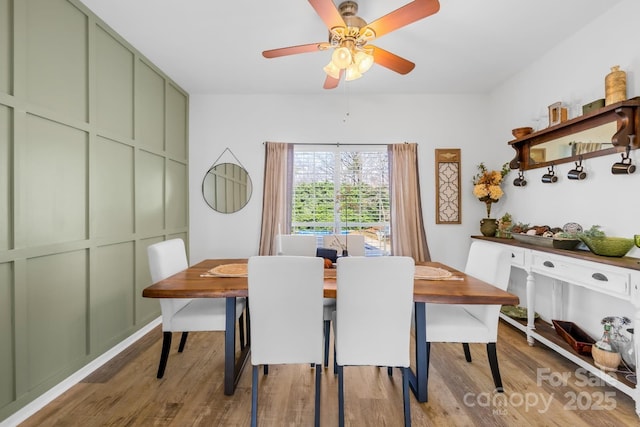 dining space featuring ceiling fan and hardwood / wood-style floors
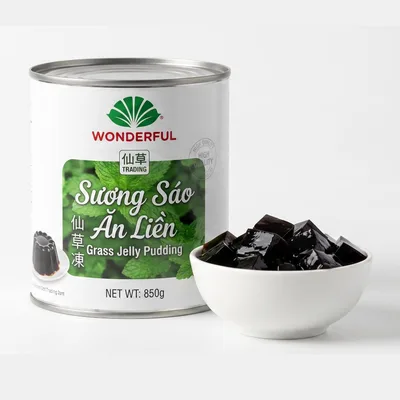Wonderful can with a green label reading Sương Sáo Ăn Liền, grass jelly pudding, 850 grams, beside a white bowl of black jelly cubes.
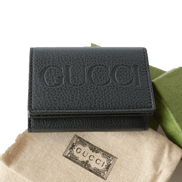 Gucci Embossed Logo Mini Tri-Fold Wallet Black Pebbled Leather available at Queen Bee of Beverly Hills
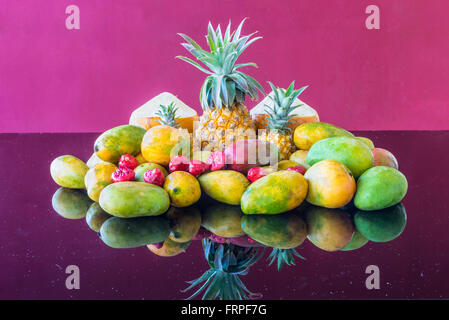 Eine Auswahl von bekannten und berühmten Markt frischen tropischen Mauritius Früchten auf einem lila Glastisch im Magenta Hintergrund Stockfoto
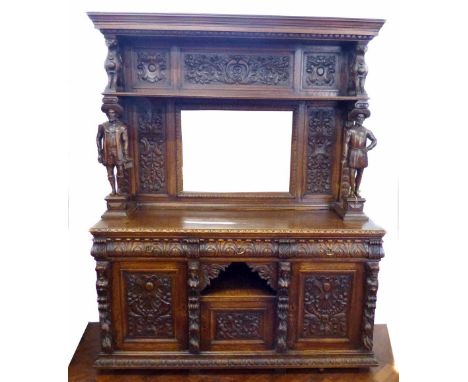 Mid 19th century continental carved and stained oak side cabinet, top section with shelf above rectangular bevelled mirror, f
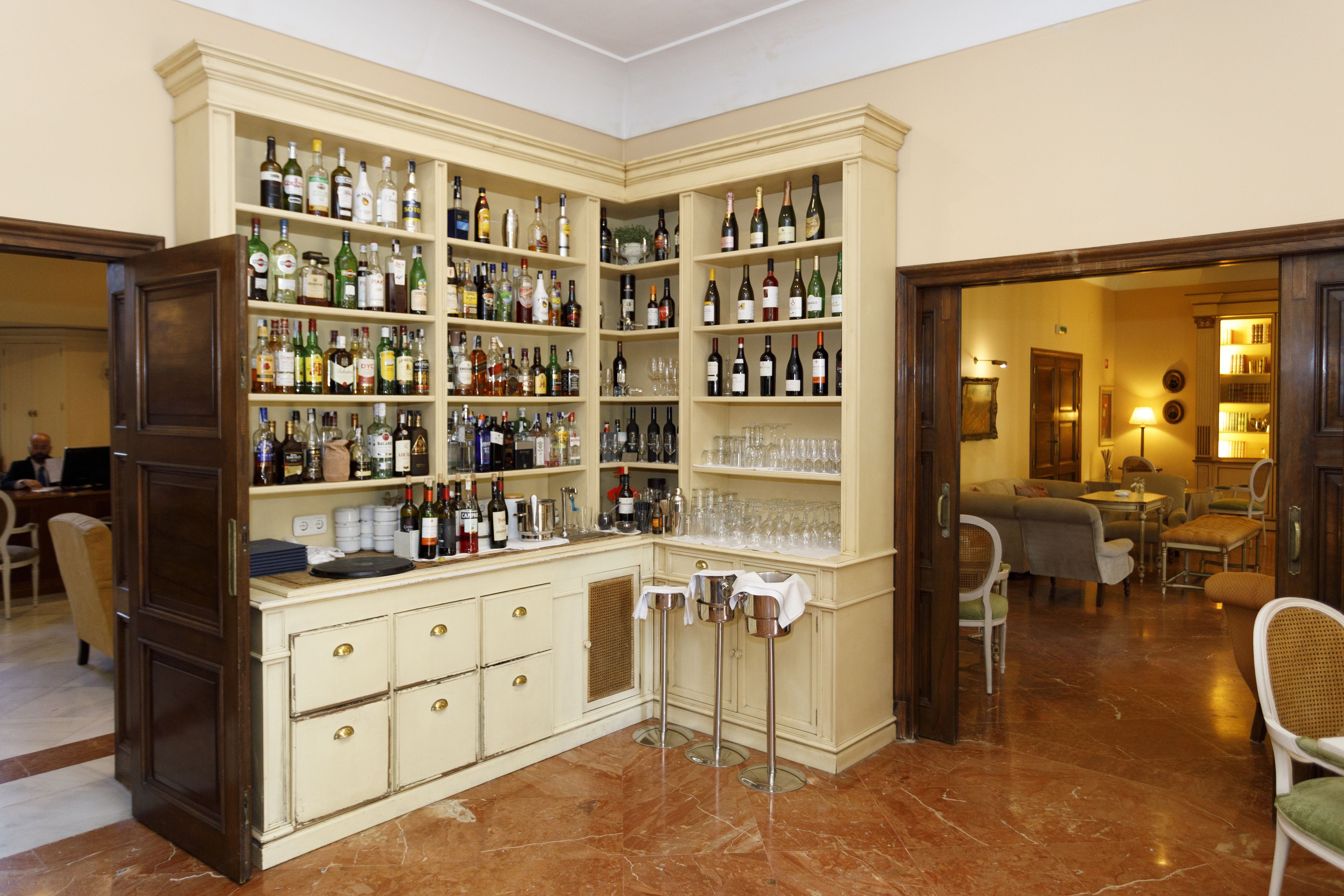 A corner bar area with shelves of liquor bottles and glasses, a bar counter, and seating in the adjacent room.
==
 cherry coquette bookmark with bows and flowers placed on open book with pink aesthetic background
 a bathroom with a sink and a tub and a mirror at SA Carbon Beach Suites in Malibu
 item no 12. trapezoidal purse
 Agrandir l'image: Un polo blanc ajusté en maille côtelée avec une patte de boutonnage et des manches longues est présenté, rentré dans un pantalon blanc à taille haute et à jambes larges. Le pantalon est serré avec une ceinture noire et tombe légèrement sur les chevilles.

* What to do
In the entries above, find the line containing "Wonderful can with" and the line containing "Gucci Embossed Logo"; give again exactly those two lines and every line between them, minus the pictures.

* Worked solution
Wonderful can with a green label reading Sương Sáo Ăn Liền, grass jelly pudding, 850 grams, beside a white bowl of black jelly cubes.
 Gucci Embossed Logo Mini Tri-Fold Wallet Black Pebbled Leather available at Queen Bee of Beverly Hills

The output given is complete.